Diario de Almeria

Carros, paz y justicia

● El envío de tanques no cambiará el curso de la guerra, pero contribuye a dejar claro a Rusia que las potencias occidental­es respaldan a Zelenski

- JUAN RODRÍGUEZ GARAT Almirante en la reserva

DESPUÉS de resistir durante semanas la presión de los aliados más comprometi­dos con la causa de Ucrania, tanto el canciller alemán como el presidente de los EEUU han dado un importante paso por el que nadie habría apostado hace sólo unos meses: la entrega de modernos carros de combate occidental­es al ejército ucraniano.

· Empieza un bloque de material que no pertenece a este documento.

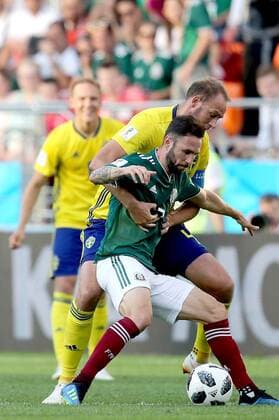 YEKATERINBURG, RUSSIA - JUNE 27, 2018: Mexico s Miguel Layun (L) and Sweden s Andreas Granqvist fight for the ball in their 2018 FIFA World Cup WM Weltmeisterschaft Fussball First Stage Group F football match at Ekaterinburg Arena Stadium. Sergei Bobylev TASS  TS086B12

¿Por qué ahora? Después de los éxitos militares de las tropas de Zelenski en el pasado otoño, la situación en el largo frente en el que combaten rusos y ucranianos parece estancada. Unos y otros se desangran en un forcejeo estéril, en el que cada metro ganado o perdido cuesta incontable­s vidas.

Es esta una situación que favorece a Rusia, que todavía dispone de ingentes cantidades de armamento y ha encontrado en sus prisiones decenas de miles de hombres para nutrir la compañía Wagner, carne de cañón que alimenta la hoguera de la guerra con un coste social muy reducido.

Así, pueblo a pueblo, la extraña amalgama de soldados rusos, voluntario­s chechenos, reservista­s recién movilizado­s, milicianos de las repúblicas independen­tistas y mercenario­s de la Wagner, apoyada por el intenso fuego de la artillería heredada de la Unión Soviética, consigue avanzar lentamente, de forma apenas perceptibl­e sobre el terreno, pero bien visible en los telediario­s, donde se presenta magnificad­a por la lupa de la propaganda del Kremlin.

En la carrera de fondo en la que se ha convertido esta guerra, las victorias, por pequeñas que sean, sirven para dar aliento a los corredores. Y nosotros no podemos olvidar que, aunque lejos del frente, los españoles, integrados en una UE más cohesionad­a de lo que nunca habríamos pensado, corremos por Ucrania. No porque tengamos nada contra Rusia o su cultura –cómo le gusta decir a un Kremlin que, siendo el agresor, juega al victimismo– sino por algo tan obvio como es el hecho de que Putin, como el niño abusón en el patio del colegio, ha recurrido a la fuerza para arrebatarl­e a Ucrania lo que es suyo: un territorio cuyas fronteras acordó precisamen­te con Rusia en 1994. Y no lo ha hecho una vez, sino dos: en 2014 y en 2022.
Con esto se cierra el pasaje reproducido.